Taiwan Semiconductor Manufacturing Company (TSMC) has become the heart of today’s technological revolution. In a world where artificial intelligence (AI) sets the pace for economic and geopolitical development, this Taiwanese company plays a key role as the dominant manufacturer of advanced chips. In an environment marked by trade tensions, currency fluctuations, and regulatory pressure, TSMC demonstrates exceptional strength, positioning it as one of the most strategic companies on the planet.

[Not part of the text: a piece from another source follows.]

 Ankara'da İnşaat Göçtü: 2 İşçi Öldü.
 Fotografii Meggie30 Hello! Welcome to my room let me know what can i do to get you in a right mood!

During the first quarter of 2025, TSMC reported revenues of $18.865 billion, representing a 16.5% year-on-year increase, and a net profit of $7.22 billion. Its gross margin reached 53.1%, while earnings per share stood at $2.12, beating market expectations. This performance reflects not only flawless execution but also strong demand in key sectors such as high-performance computing (HPC), mobile devices, and above all, applications linked to artificial intelligence. The boom in generative AI has driven up the need for advanced chips with massive processing capabilities. Companies like Nvidia, AMD, and Apple rely on TSMC for the production of the most sophisticated semiconductors, manufactured using 3nm processes and, soon, 2nm. According to the company’s own statements, revenue from AI accelerators is expected to double in 2025 compared to the previous year, confirming its central role in this new digital era.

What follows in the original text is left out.